**TASK**
Please give back, word for word, only the lines starting at the one containing "Low section of woman standing by railing" and ending at the one containing "Détail de la" within the material below.

**PROVIDED MATERIAL**
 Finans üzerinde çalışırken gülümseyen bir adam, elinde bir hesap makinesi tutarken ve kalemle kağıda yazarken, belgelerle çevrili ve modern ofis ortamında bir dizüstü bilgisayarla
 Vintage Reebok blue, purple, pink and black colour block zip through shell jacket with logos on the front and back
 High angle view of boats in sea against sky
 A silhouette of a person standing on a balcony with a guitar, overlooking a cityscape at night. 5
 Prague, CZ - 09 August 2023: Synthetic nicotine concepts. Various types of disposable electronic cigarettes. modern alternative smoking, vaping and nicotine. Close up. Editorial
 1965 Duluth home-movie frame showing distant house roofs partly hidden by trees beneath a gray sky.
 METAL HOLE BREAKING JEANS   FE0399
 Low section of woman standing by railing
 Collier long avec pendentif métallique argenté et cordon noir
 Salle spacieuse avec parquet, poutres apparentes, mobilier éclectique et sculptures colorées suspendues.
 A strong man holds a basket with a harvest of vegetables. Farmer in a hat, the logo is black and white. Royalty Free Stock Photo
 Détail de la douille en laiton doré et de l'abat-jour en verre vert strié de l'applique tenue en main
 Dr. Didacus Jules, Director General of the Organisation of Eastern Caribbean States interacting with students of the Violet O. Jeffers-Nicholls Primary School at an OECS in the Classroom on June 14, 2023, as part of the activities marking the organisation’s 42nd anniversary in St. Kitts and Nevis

**ANSWER FOR THE TASK**
 Low section of woman standing by railing
 Collier long avec pendentif métallique argenté et cordon noir
 Salle spacieuse avec parquet, poutres apparentes, mobilier éclectique et sculptures colorées suspendues.
 A strong man holds a basket with a harvest of vegetables. Farmer in a hat, the logo is black and white. Royalty Free Stock Photo
 Détail de la douille en laiton doré et de l'abat-jour en verre vert strié de l'applique tenue en main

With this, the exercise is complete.